Match of the week

Roast lamb and unoaked grenache
Roast lamb goes with practically any red wine you care to drink with it but grenache is a less common pairing than, say, cabernet sauvignon or tempranillo.
It might also strike you as unusual that this dish was from a dinner at Tillingham winery in Sussex who you might have thought would have had their own red but it had sold out so they’d listed this intriguing organic grenache from Domaine Julien d’Abrigeon called Coquelicot (meaning poppy)
According to Vin-Clairs, the online retailer that sells it in the UK it’s made from fruit that used to go to the great Rhône producer J Chave for whom d’Abrigeon used to work.
It’s a beautifully balanced vibrant red that wears its alcohol lightly but had the richness and structure to stand up to the red wine and rosemary jus that accompanied the lamb along with some seared wild garlic, morels and crispy potato skins (as well as mash, which delighted this potato lover!)
It was made with indigenous yeasts and very little added sulphur so basically classifies as a natural wine though it was gloriously clean and pure.
With that back story though it should come as no surprise that it costs £30.40 a bottle although interestingly it’s under £20 in the US (at K & L). Taxes on wine in the UK are brutal.
For other lamb pairings see my Top Wine Pairings for Lamb
And for other grenache pairings, The best food pairings for grenache

Bacchus with asparagus with gnocchi and wild garlic pesto
With the home grown asparagus season kicking off and wild garlic in full bloom you may well be thinking of combining the two as my friend TV presenter Andy Clarke did this weekend when a group of us stayed at Wraxall vineyard in Somerset.
Andy had devised the dish to go with Wraxall’s Bacchus which it did perfectly.
Bacchus is a grape variety that does well in England. As the website Grape Britannia explains, it’s a cross of Muller-Thurgau with a Silvaner/Riesling cross, Silvaner itself being a cross of Traminer and Oesterreichish Weiss, while Muller-Thurgau is a Riesling/Madeleine Royal cross.
If you find it hard getting your head round this (me too!) just think of it as England’s answer to sauvignon blanc.
I personally liked the pairing of the delicate unoaked 2021 Wraxall Bacchus which you can buy from their website for £18 a bottle best with the assertive flavours of asparagus and wild garlic but the oaked version, which won a silver medal last year in the Independent English Wine Awards, picked up on the buttery toasted crumbs which Andy had scattered over the dish and would be a good match for richer, creamier sauces.
Anyway bear in mind Bacchus with asparagus over the next few weeks - and beyond.

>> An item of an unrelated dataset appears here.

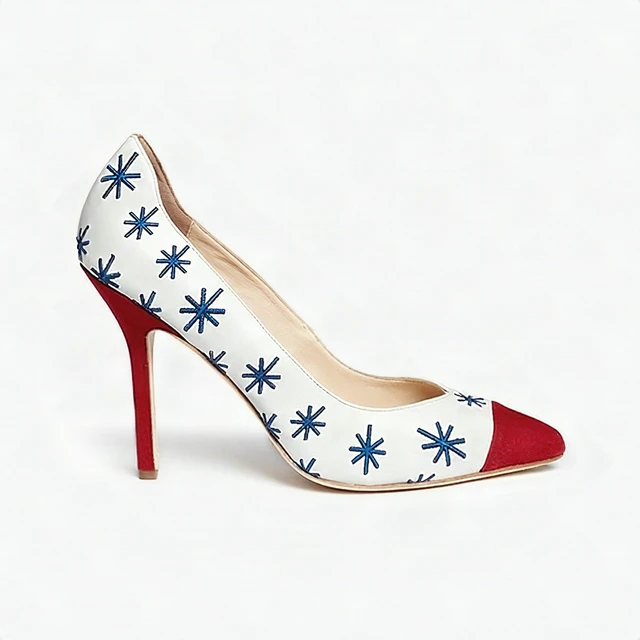 Alt view image 4 of 7 - Isa Tapia Estrella Asterisk Embroidered Suede White Trim Leather Pumps - 38.5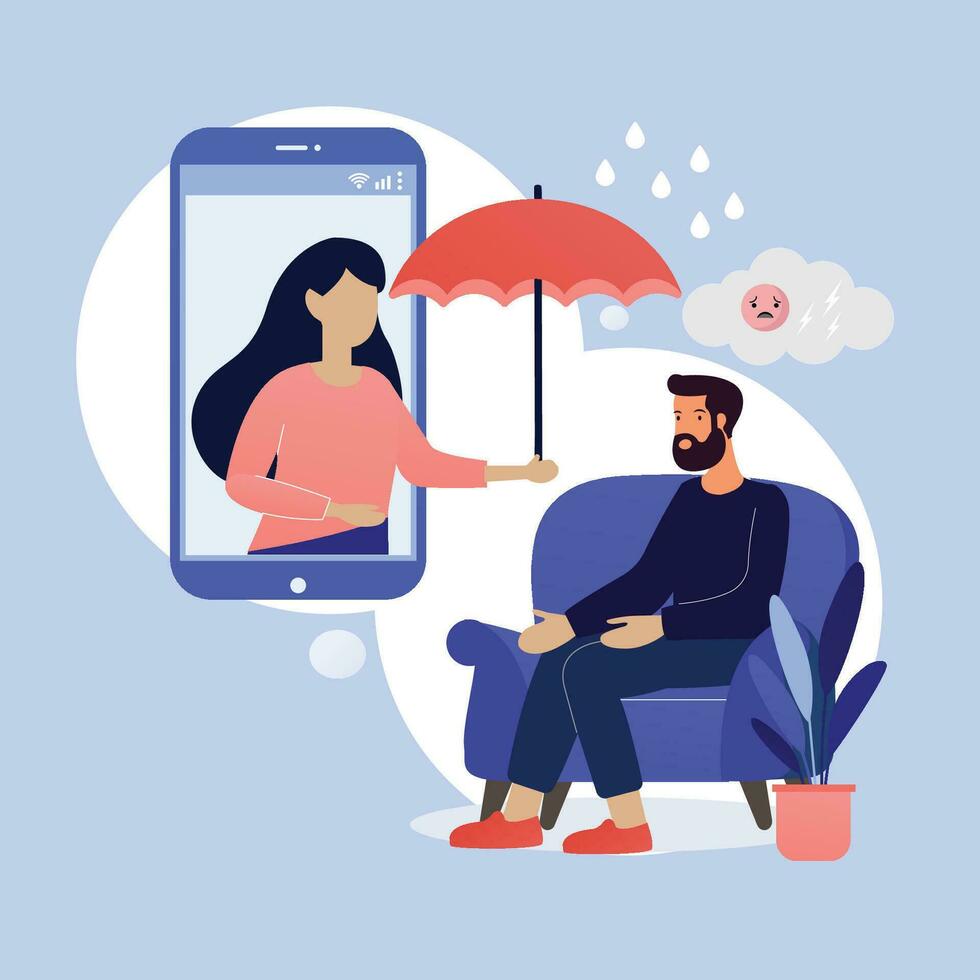 Psychologist counseling sad upset man, holding umbrella to protect old man from rain in video call vector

Roast lamb with wild garlic risotto, asparagus and feta with a chilled Languedoc red
This match, which I enjoyed at Plateau wine bar in Brighton last week, breaks a couple of wine pairing conventions. Firstly that you match red meat with a full bodied red. And secondly that you don’t drink red wine with asparagus.
But in fact the grassy notes of the asparagus and the accompanying wild garlic risotto were just perfect with this natural, slightly mineral blend of mourvèdre and grenache called Les Fainéants produced by Opi d’Aqui just outside Clermont l’Herault. As they would be with a lightly chilled Loire Cabernet Franc. (The saltiness of the feta helped too.)
I also had a lamb tagine this week with a natural red from the Côtes du Brian in the Minervois which was an equally good match. What natural wine naysayers should at least acknowledge is that fresh-tasting reds without excessive extraction or tannin are great with food.